For this assignment you need to write a module that type checkes a tiger program given its abstract syntax tree. You may do so by either adding typechecking methods to the Absyn classes themselfs (as I did for my toy language), or by writing a function that uses "instanceof" to determine how to type check specific kinds of expressions. An example of how to do it this way can be found in Absyn.Print - the pretty printer for Abysn trees.

For the Symbol table, you can either use a stack of stacks as I have, or use Appel's supplied code and suggestions (at your own risk). Appel uses a hash table. You should consider using a hash table anyway.

To represent the types of Tiger (unlike my toy language where types are just strings, tiger types can be complex), use Appel's tiger/chap5/Types package, which defines a class hierarchy for type expressions. I suggest you consider using my additions to that package (FUNC.java and tlist.java). These define a list of types, and the type for functions, so that you can associate a Type object with function symbols in tiger.

For this assignment, I'll allow you to keep a GLOBAL list of type names (or "type id's"). This global list will be the "type-side" equivalent of the symbol table, except you need not respect scope. Every time a tiger type declaration such as "type intarry = array of int" is encountered, you can just simply add "intarry" (as a Name Type) into your global list.
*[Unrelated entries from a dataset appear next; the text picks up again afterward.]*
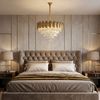 Lampada a sospensione in cristallo SWE100-CP 60cm GOLD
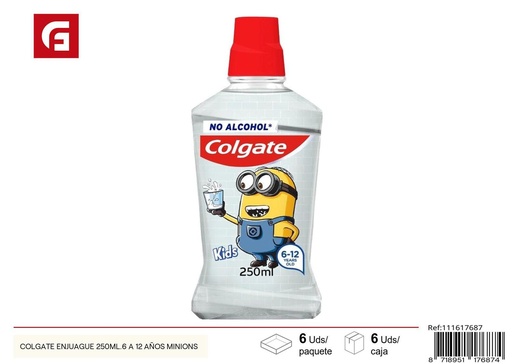[111617687] Enjuague bucal Colgate 250ml 6 a 12 años - Cuidado personal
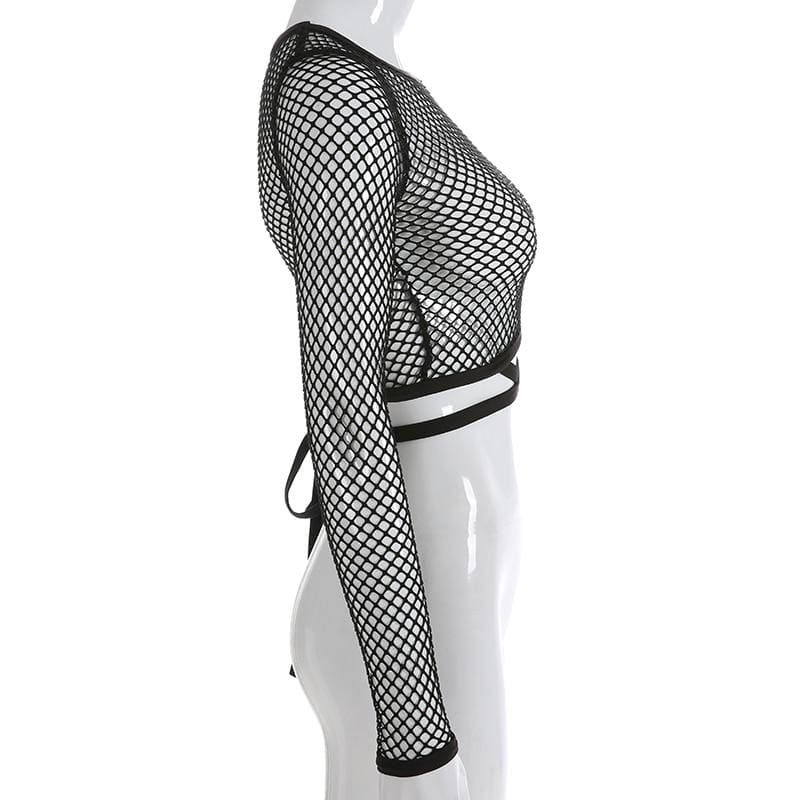 Gothic Netzoberteil für Damen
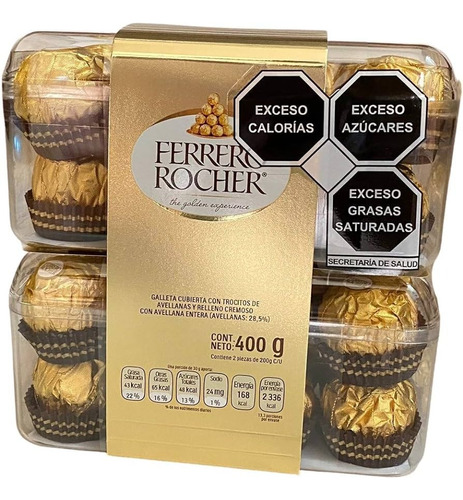 Chocolates Ferrero Rocher 32 Piezas 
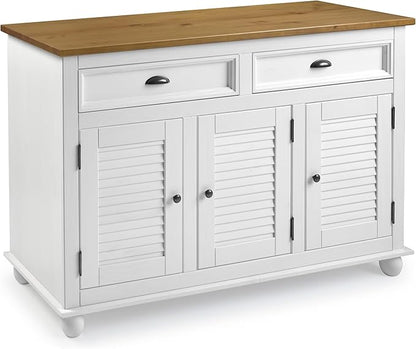 Furniture Dash Sideboard/Kitchen Island Easy Assembly Corona Snow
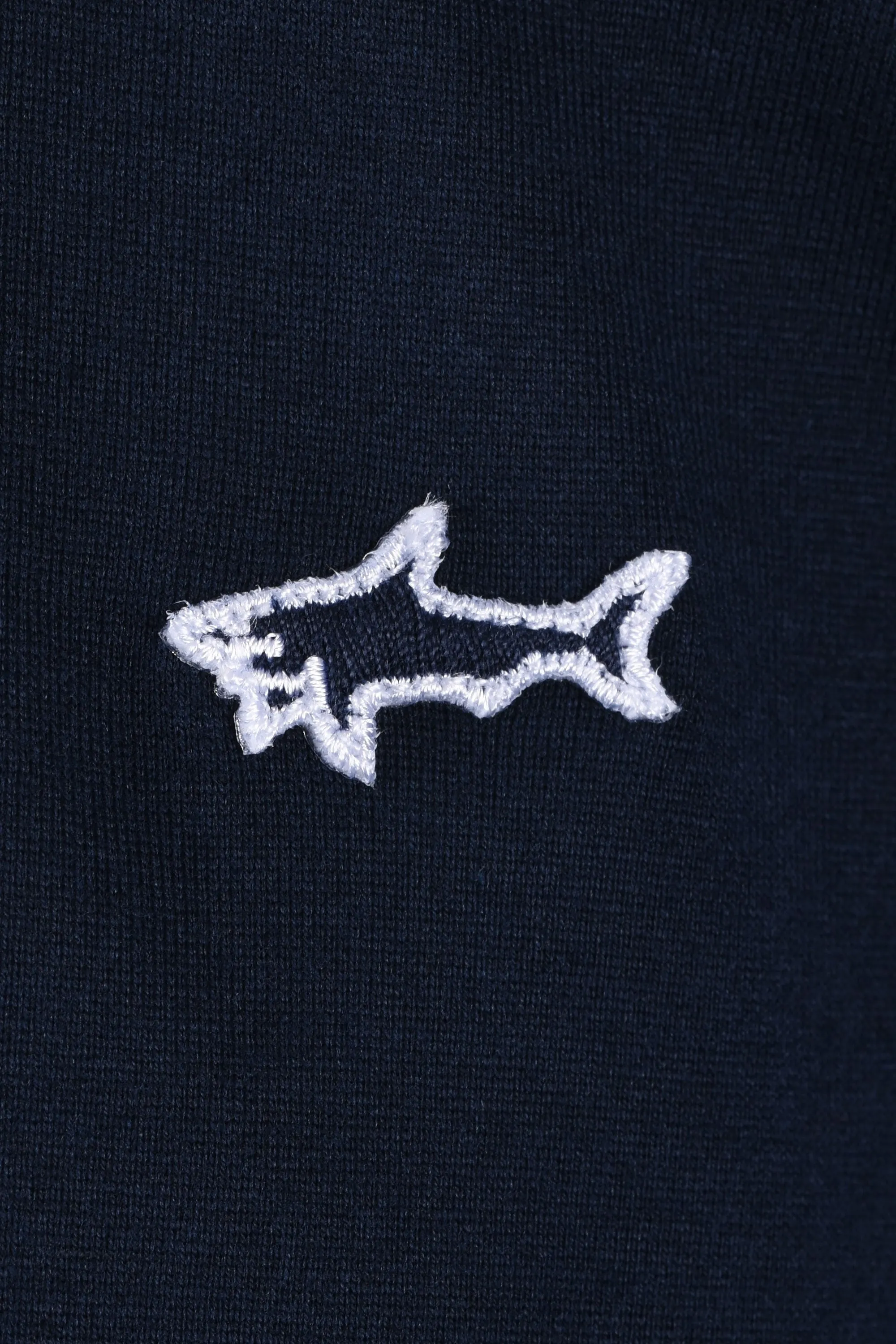 Paul And Shark Badged T-shirt Navy
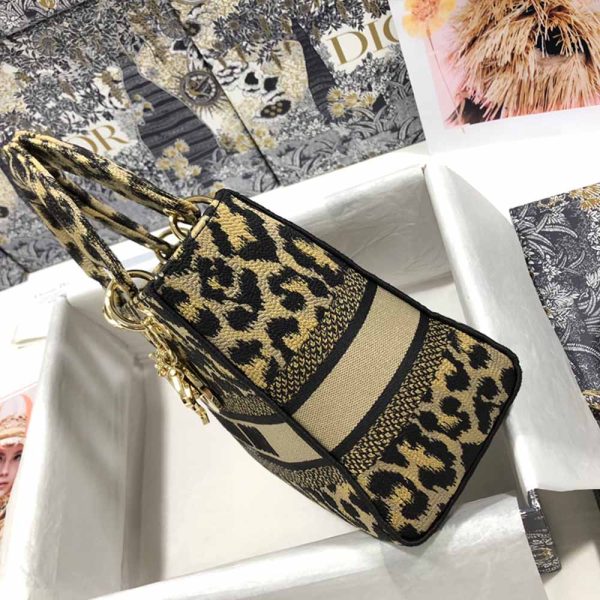Replica Dior Leopard Lady D-Lite Embroidery Bag M0566 - Image 7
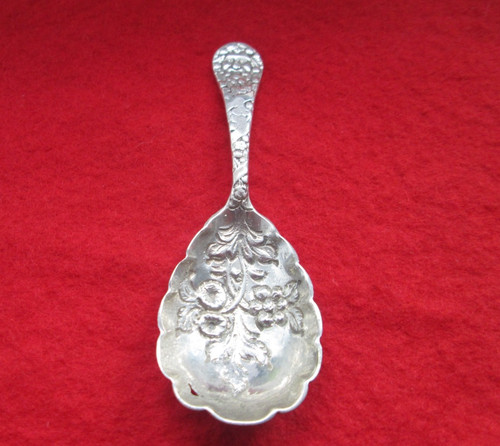 Silver floral design caddy - floral,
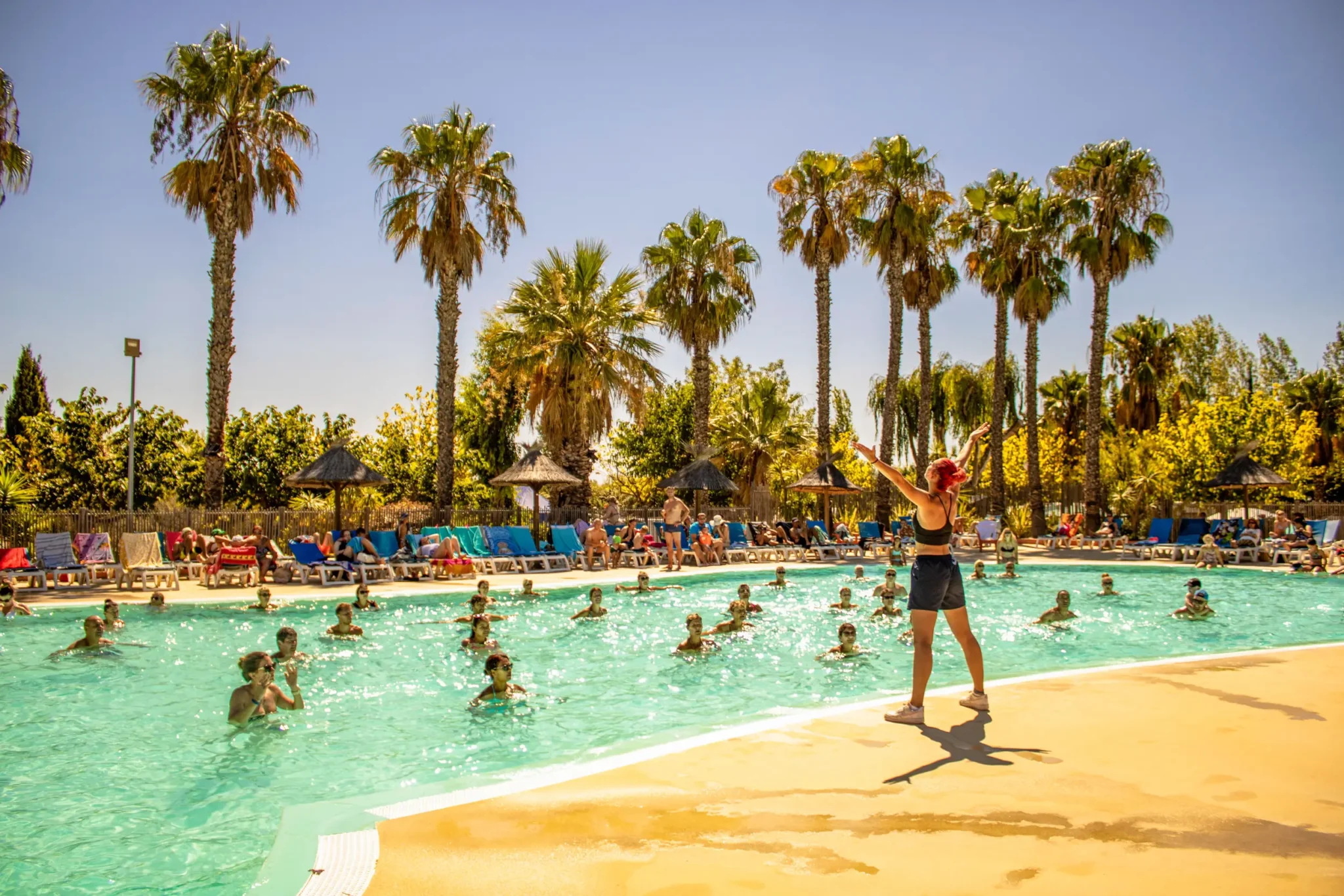 cours aquagym camping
Another important part of this assignment is to check for errors that were overlooked in the parsing phase of the compiler. Specifically, you need to catch expressions such as "ID [exp] of exp" where "ID" is not a "type-id" - ie., something that does not appear in your global list of type names. Another important error to catch here include passing a wrong number of parameters to a function. Your type checker should return helpful messages concerning types. Since tiger has only two built-in types (int and string), you do not need to worry about overloading. Don't worry about mutually recursive types (unless you want to).

Here are the new classes for my toy language. It includes classses for the symbol tables, as well as abstract classes that includes type checking methods.

A few other things to keep in mind: In Tiger there's no distinction (syntactically) between statements and expressions. Statements should have type "void". Be careful: don't return "null" - return a VOID Type! Read chapter 5 selectively to understand the typing rules of Tiger. Note espeically the material on page 117.